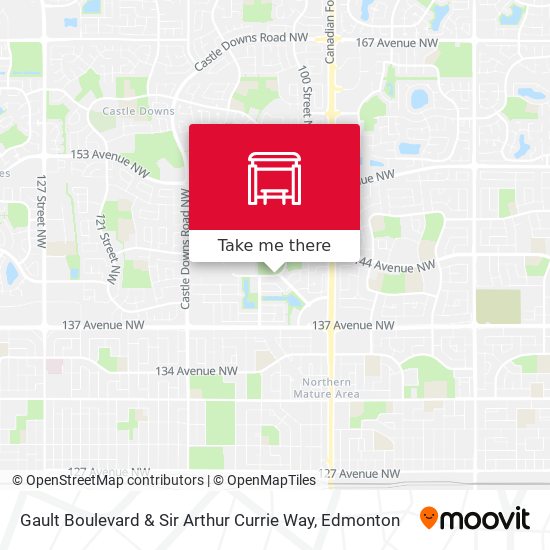Gault Boulevard & Sir Arthur Currie Way plan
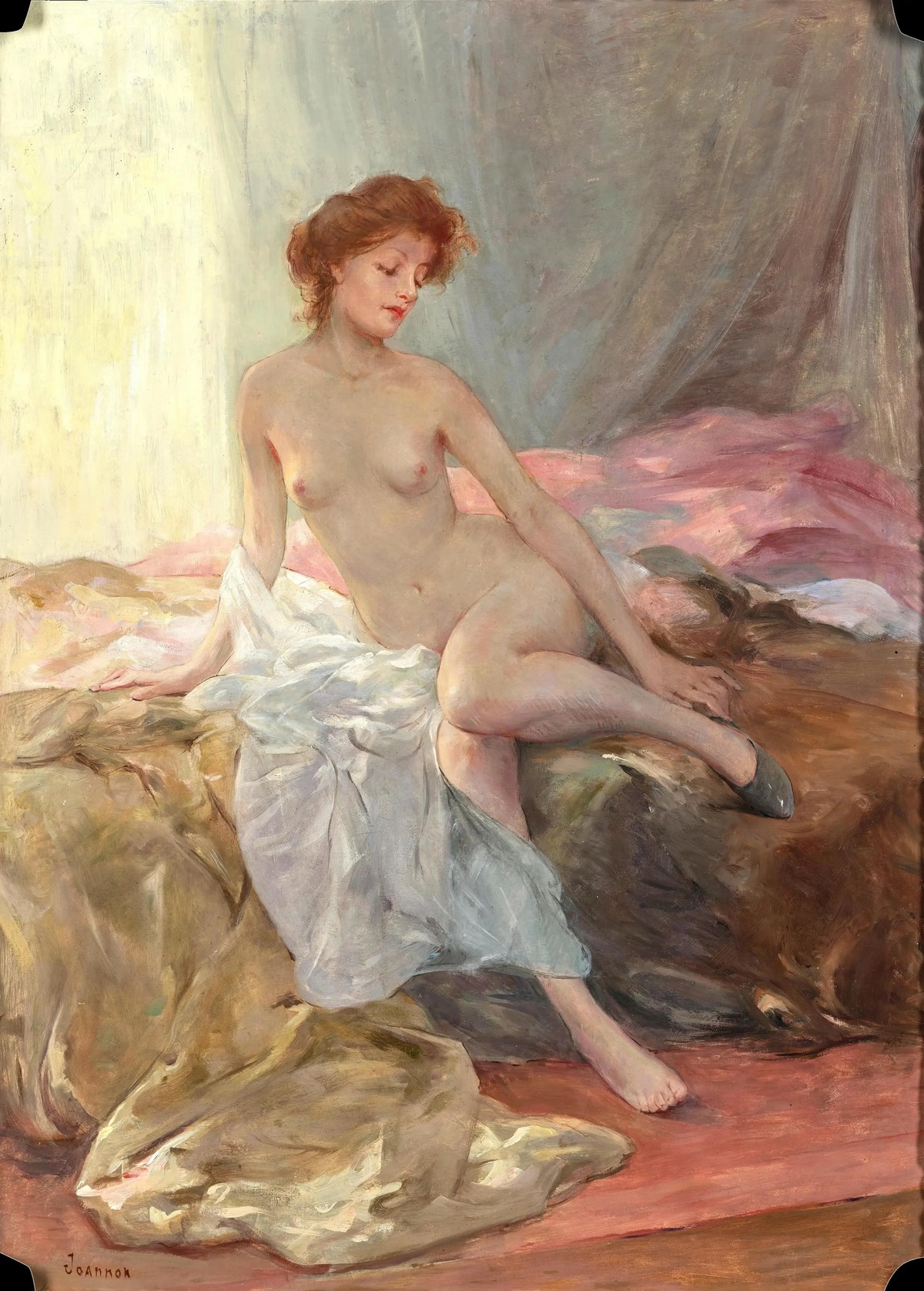 Étienne Joannon-Navier - Morning Sun in the Boudoir (before 1911)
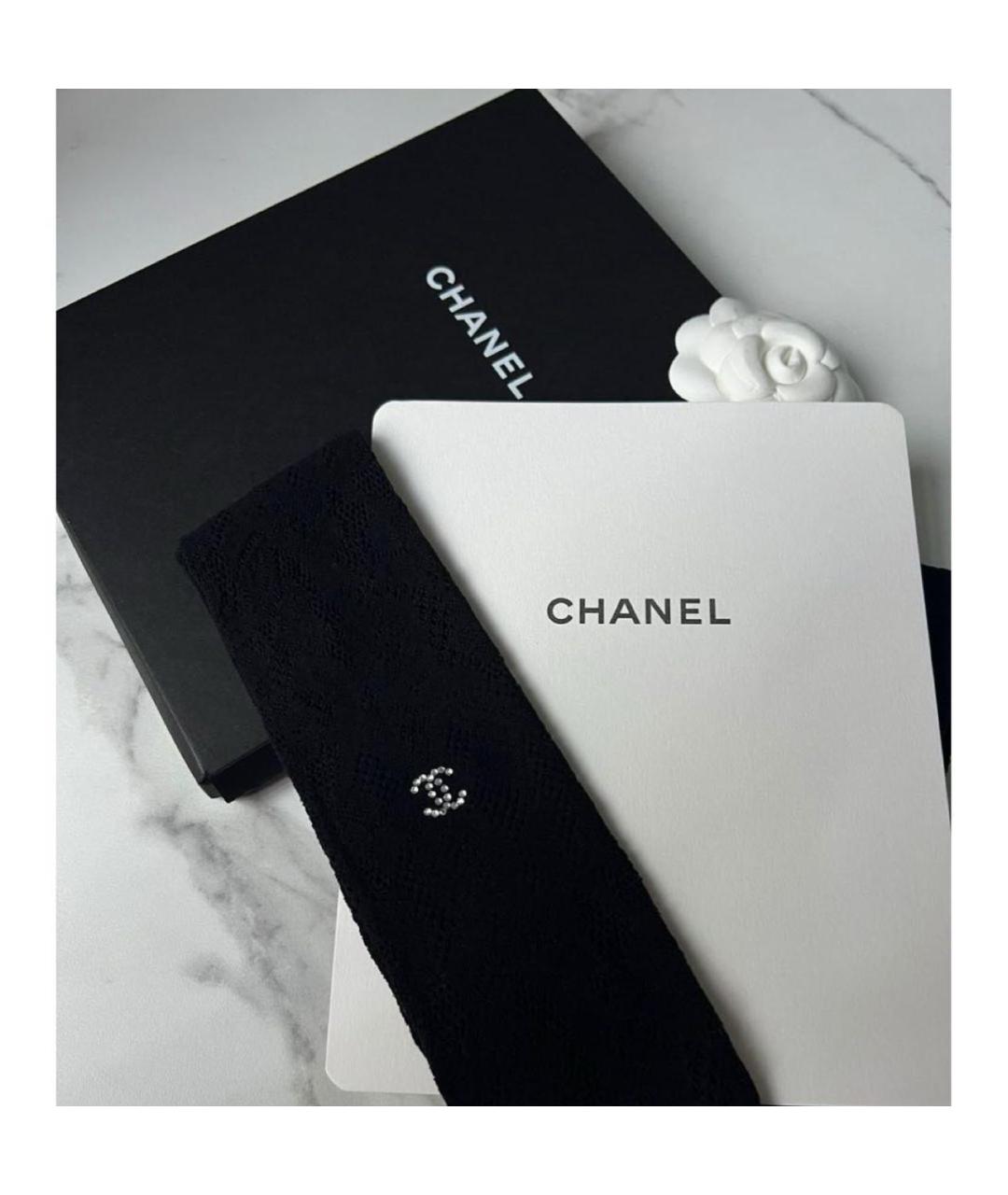 CHANEL Черные носки, чулки и колготы, фото 3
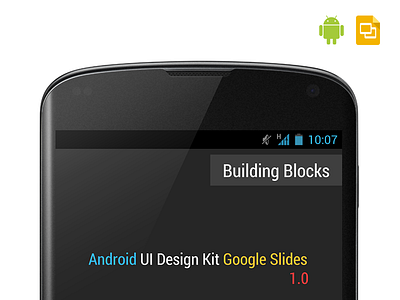 Android UI Design Kit for Google Slides 1.0 android ui google slides ui design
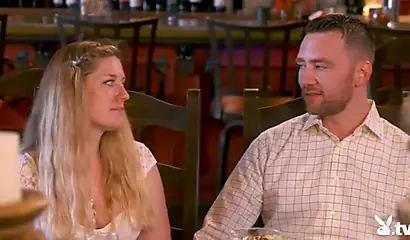 Sultry teens participate in an interracial threesome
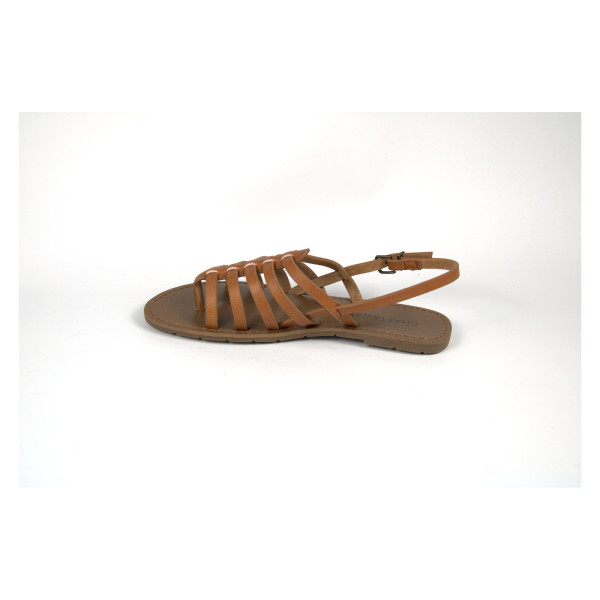 Sandales plates Shirley camel — Chattawak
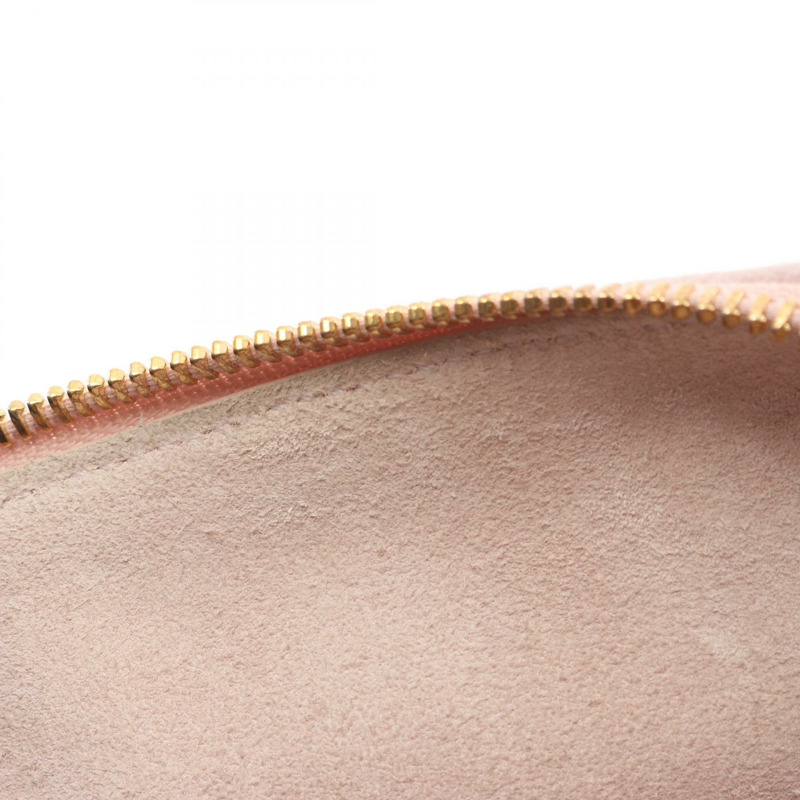 CELINE 小號 Cuir Triomphe 肩背斜背包，淺粉紅皮革，二手-5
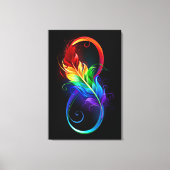 Infineensymbool met regenboogvanger canvas afdruk (Voorkant)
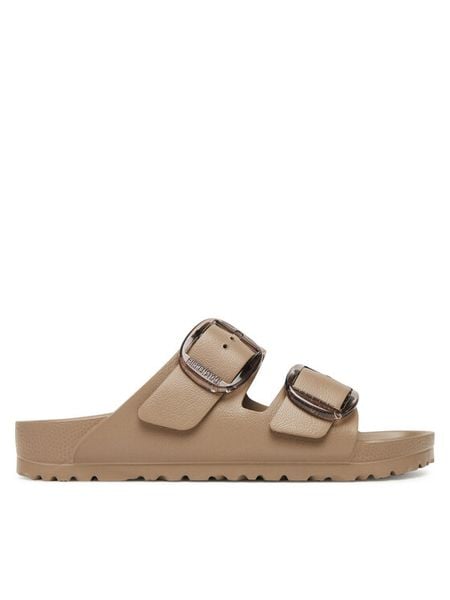 Birkenstock Klapki Arizona Big Buckle Eva 1030389 Brązowy. Brązowe klapki damskie Birkenstock, bez wzorów, z syntetyku, bez obcasa, bez zapięcia. Za 239.99 zł.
• • • •
_Problem to work on_.
Once the pictures are removed, output the entries above exactly as given.

_Written answer_.
Gault Boulevard & Sir Arthur Currie Way plan
 Étienne Joannon-Navier - Morning Sun in the Boudoir (before 1911)
 CHANEL Черные носки, чулки и колготы, фото 3
 Android UI Design Kit for Google Slides 1.0 android ui google slides ui design
 Sultry teens participate in an interracial threesome
 Sandales plates Shirley camel — Chattawak
 CELINE 小號 Cuir Triomphe 肩背斜背包，淺粉紅皮革，二手-5
 Infineensymbool met regenboogvanger canvas afdruk (Voorkant)
 Birkenstock Klapki Arizona Big Buckle Eva 1030389 Brązowy. Brązowe klapki damskie Birkenstock, bez wzorów, z syntetyku, bez obcasa, bez zapięcia. Za 239.99 zł.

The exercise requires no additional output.